Required action → For the data that follows, print the line with "Fender American Standard", the line with "2023 Audi RS", and all lines between them, exactly as they stand. Omit pictures and add nothing.

Task input →
- - - - -

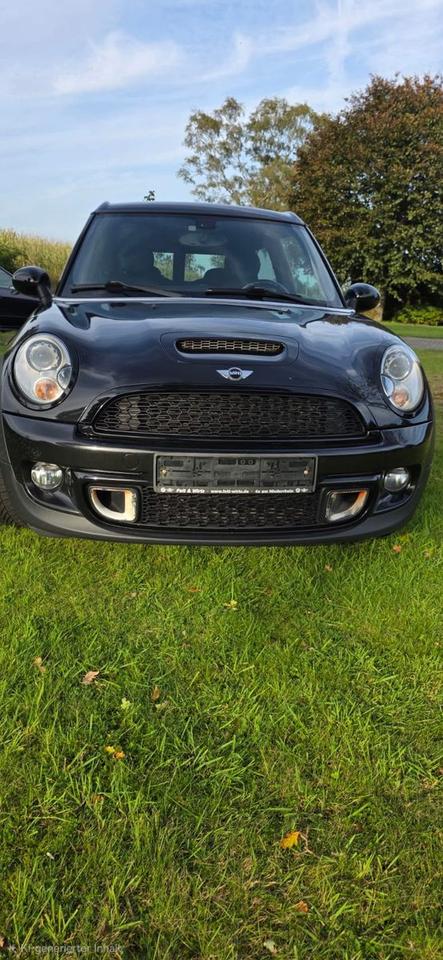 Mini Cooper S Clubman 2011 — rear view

- - - - -

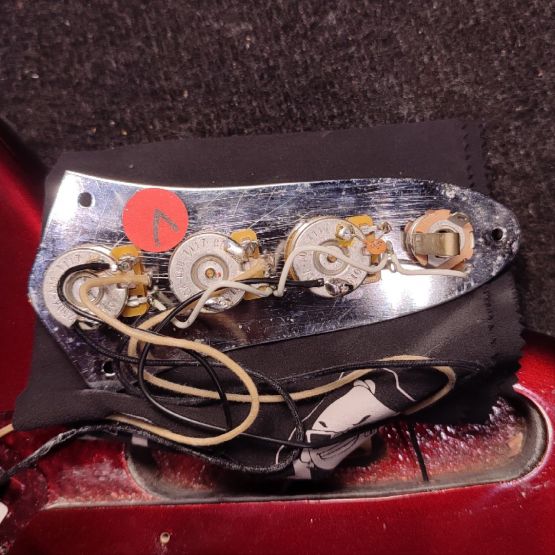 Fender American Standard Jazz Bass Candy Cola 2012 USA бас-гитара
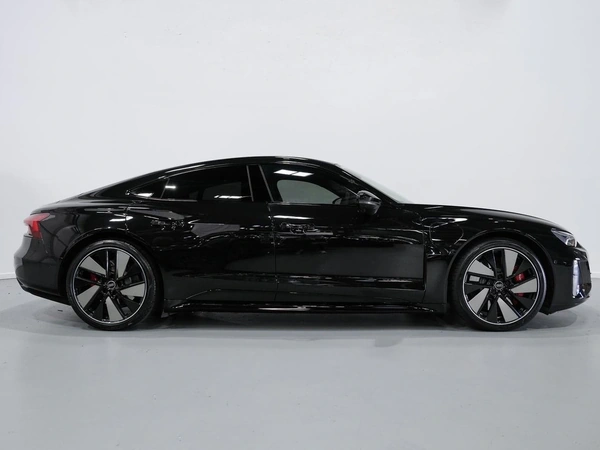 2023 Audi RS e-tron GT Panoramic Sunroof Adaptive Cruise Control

- - - - -

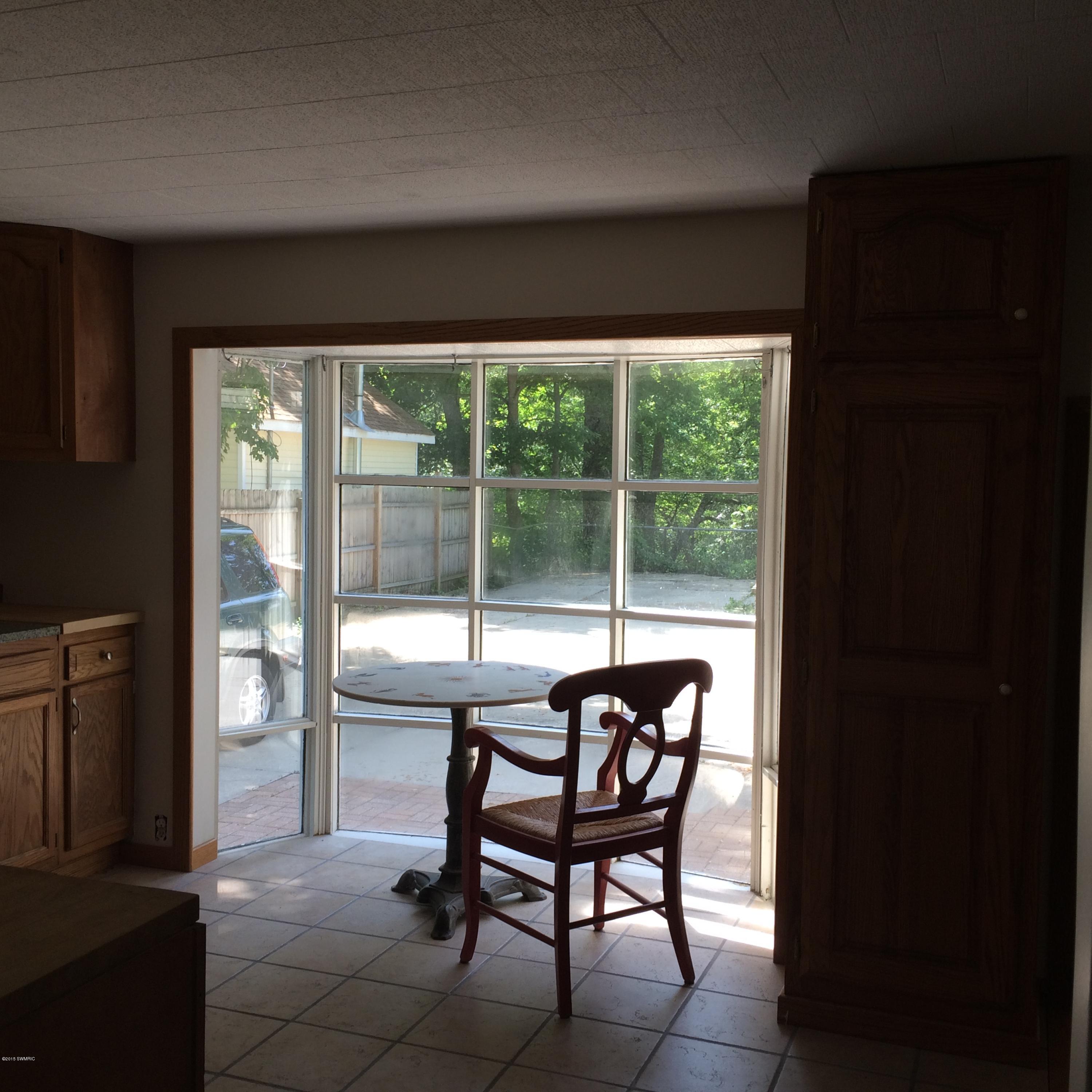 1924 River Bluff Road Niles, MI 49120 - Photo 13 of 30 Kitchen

- - - - -

Worked solution →
 Fender American Standard Jazz Bass Candy Cola 2012 USA бас-гитара
 2023 Audi RS e-tron GT Panoramic Sunroof Adaptive Cruise Control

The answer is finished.